● **Recorded data**:
== Segment start ==
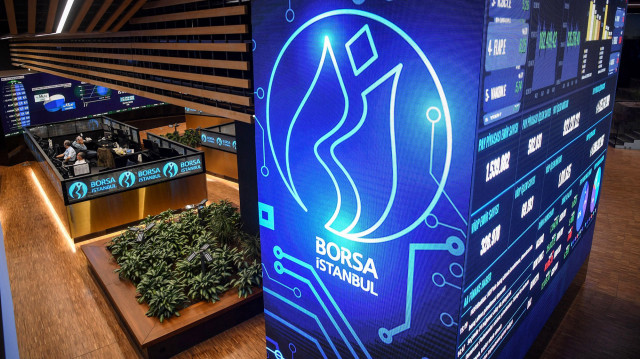 Borsa, güne yüzde 0,30’luk yükselişle rekor seviyede başladı.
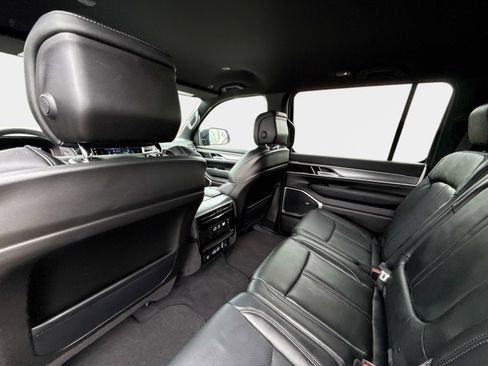 Used 2026 Jeep Grand Wagoneer L Limited w/ 8-Passenger Seating Package AWD/4WD image 19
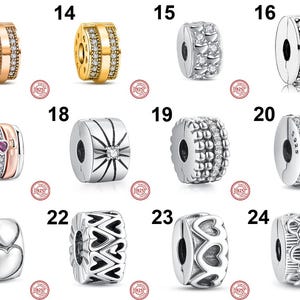 Op de afbeelding: Een verzameling zilver- en goudkleurige bedel kralen met diverse ontwerpen. Sommige kralen hebben heldere kristallen, terwijl andere hart-, bloemen- of geometrische patronen hebben. Elke kraal is een clip-on stijl, geschikt voor armbanden.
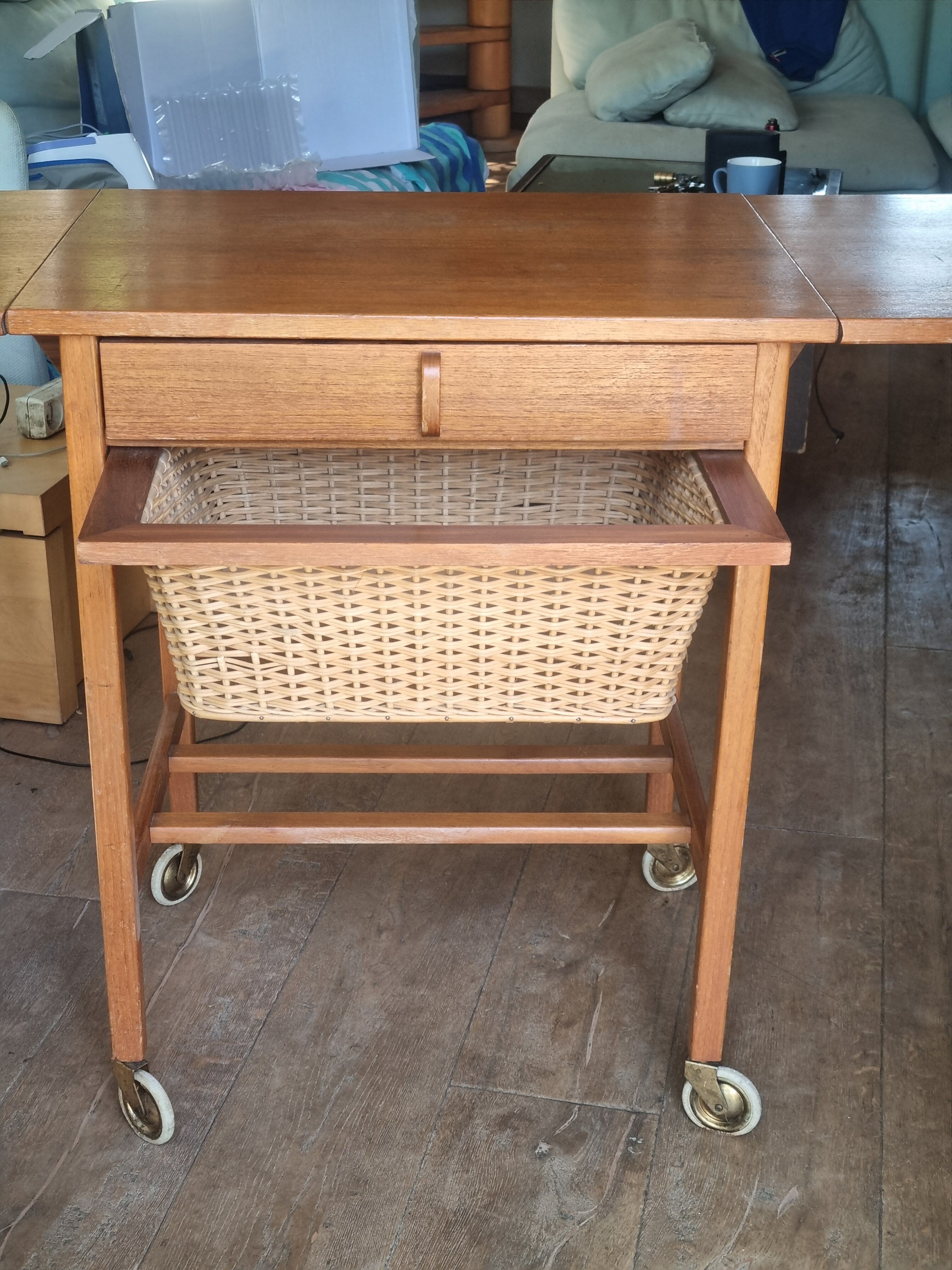 Sewing table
== Segment end ==
● **Task instructions**: Would you return the data above exactly as written, minus the images?

● **Result of this task**:
 Borsa, güne yüzde 0,30’luk yükselişle rekor seviyede başladı.
 Used 2026 Jeep Grand Wagoneer L Limited w/ 8-Passenger Seating Package AWD/4WD image 19
 Op de afbeelding: Een verzameling zilver- en goudkleurige bedel kralen met diverse ontwerpen. Sommige kralen hebben heldere kristallen, terwijl andere hart-, bloemen- of geometrische patronen hebben. Elke kraal is een clip-on stijl, geschikt voor armbanden.
 Sewing table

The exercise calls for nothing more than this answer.